Task to complete - Drop all images. Then write out each line below exactly as given.

Data provided -
= = = = = = =
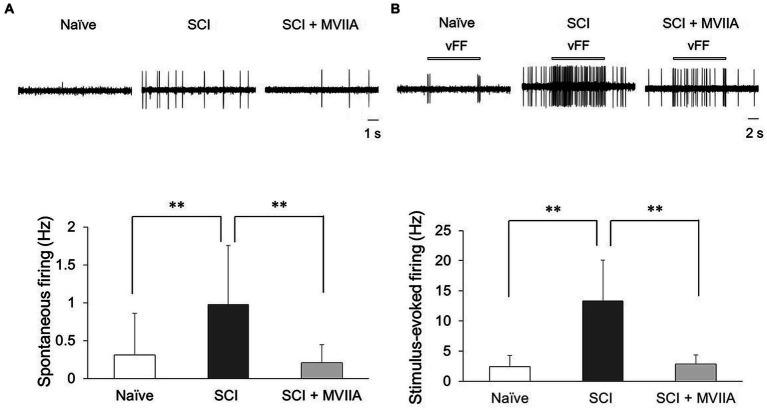 https://cdn.ncbi.nlm.nih.gov/pmc/blobs/7f35/10925679/db7c84d7af4d/fnins-18-1366829-g003.jpg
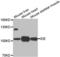 Insulin Degrading Enzyme antibody, LS-C331595, Lifespan Biosciences, Western Blot image 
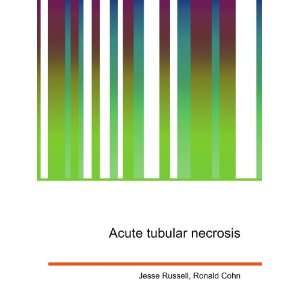  Acute tubular necrosis Ronald Cohn Jesse Russell Books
= = = = = = =
Answer to this exercise -
 https://cdn.ncbi.nlm.nih.gov/pmc/blobs/7f35/10925679/db7c84d7af4d/fnins-18-1366829-g003.jpg
 Insulin Degrading Enzyme antibody, LS-C331595, Lifespan Biosciences, Western Blot image 
  Acute tubular necrosis Ronald Cohn Jesse Russell Books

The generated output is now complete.